Your objective: Below is a listing to repeat exactly, with its pictures left out.

Dataset section:
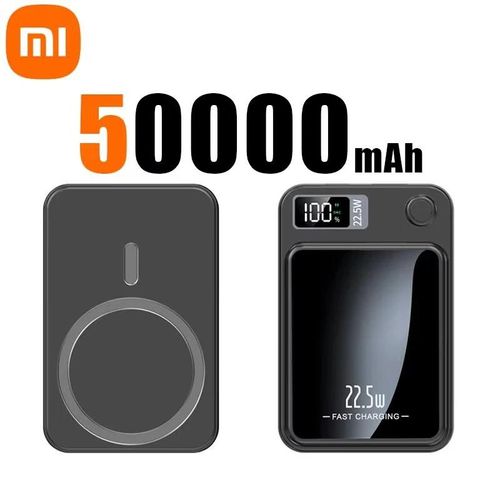50000mah Batterie Externe Magnétique Chargeur Rapide Sans Fil Pour Batterie Auxiliaire Portable Magsafe Pour Iphone Huawei Samsung
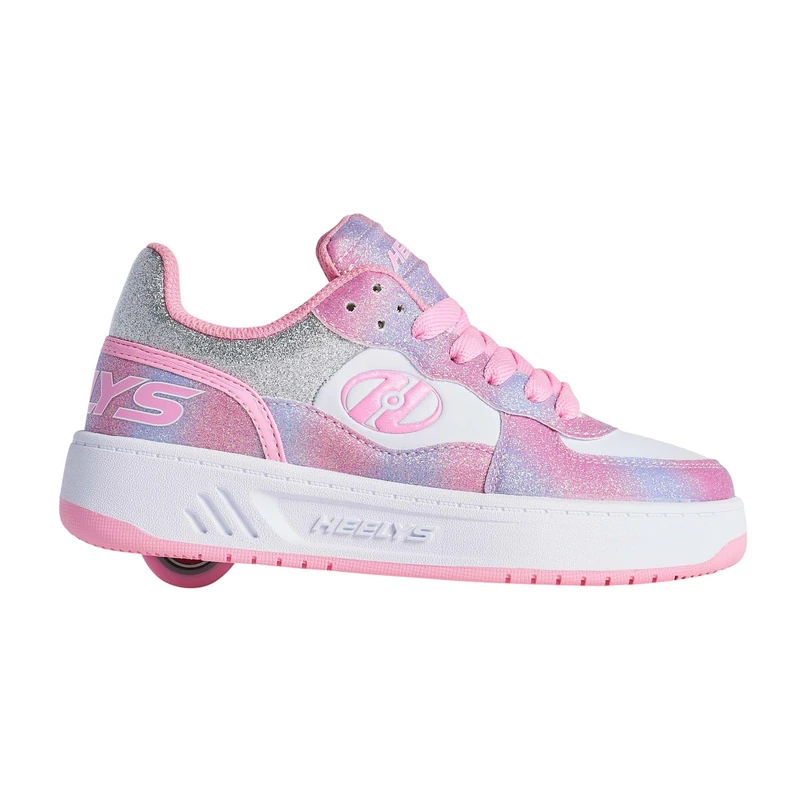 Heelys Girls Rezerve Low Sneaker, Pink, 12 UK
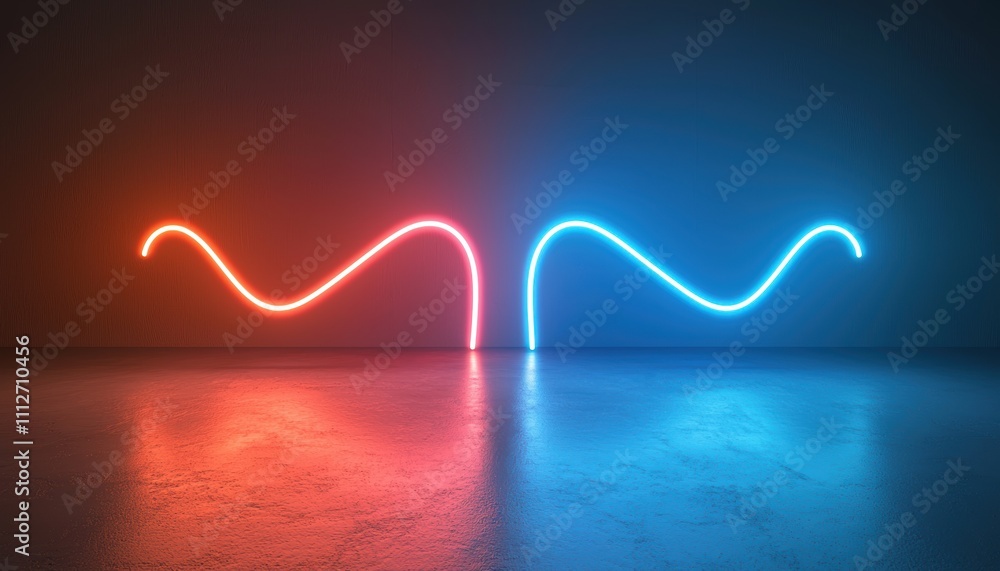 Dynamic neon streaks of light in contrasting blue and red tones glowing on a dark backdrop powerful symbol of speed progress and energy flow Dynamic neon streaks of light in contrasting blue and red tones glowing on a dark backdrop powerful symbol of speed progress and energy flow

Task result:
50000mah Batterie Externe Magnétique Chargeur Rapide Sans Fil Pour Batterie Auxiliaire Portable Magsafe Pour Iphone Huawei Samsung
 Heelys Girls Rezerve Low Sneaker, Pink, 12 UK
 Dynamic neon streaks of light in contrasting blue and red tones glowing on a dark backdrop powerful symbol of speed progress and energy flow Dynamic neon streaks of light in contrasting blue and red tones glowing on a dark backdrop powerful symbol of speed progress and energy flow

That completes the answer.